Quasi-interpolation on a sparse grid with Gaussian

TL;DR

This paper introduces Q-MuSIK, a quasi-multilevel sparse kernel interpolation method that improves convergence and efficiency over traditional approaches, especially in high-dimensional problems, and develops a fast quadrature formula based on it.

Contribution

The paper presents a novel Q-MuSIK scheme that outperforms classical methods in convergence and runtime, and proposes a high-dimensional quadrature formula using this interpolation.

Findings

Q-MuSIK achieves better convergence than classical quasi-interpolation.

Q-MuSIK is more efficient in high-dimensional problems, avoiding large algebraic systems.
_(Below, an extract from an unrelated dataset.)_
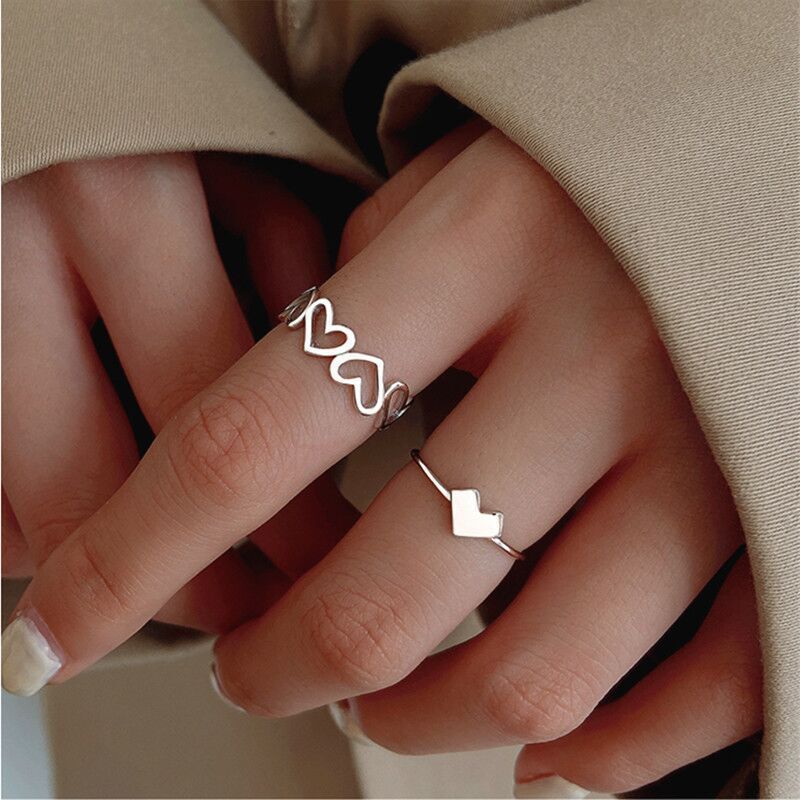 Elegante Herz- und Wellen Design Ring Brehn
Numerical results demonstrate effectiveness in high-dimensional interpolation and quadrature.

Abstract

Motivated by the recent multilevel sparse kernel-based interpolation (MuSIK) algorithm proposed in [Georgoulis, Levesley and Subhan, SIAM J. Sci. Comput., 35(2), pp. A815-A831, 2013], we introduce the new quasi-multilevel sparse interpolation with kernels (Q-MuSIK) via the combination technique. The Q-MuSIK scheme achieves better convergence and run time in comparison with classical quasi-interpolation; namely, the Q-MuSIK algorithm is generally superior to the MuSIK methods in terms of run time in particular in high-dimensional interpolation problems, since there is no need to solve large algebraic systems. We subsequently propose a fast, low complexity, high-dimensional quadrature formula based on Q-MuSIK interpolation of the integrand. We present the results of numerical experimentation for both interpolation and quadrature in high dimension.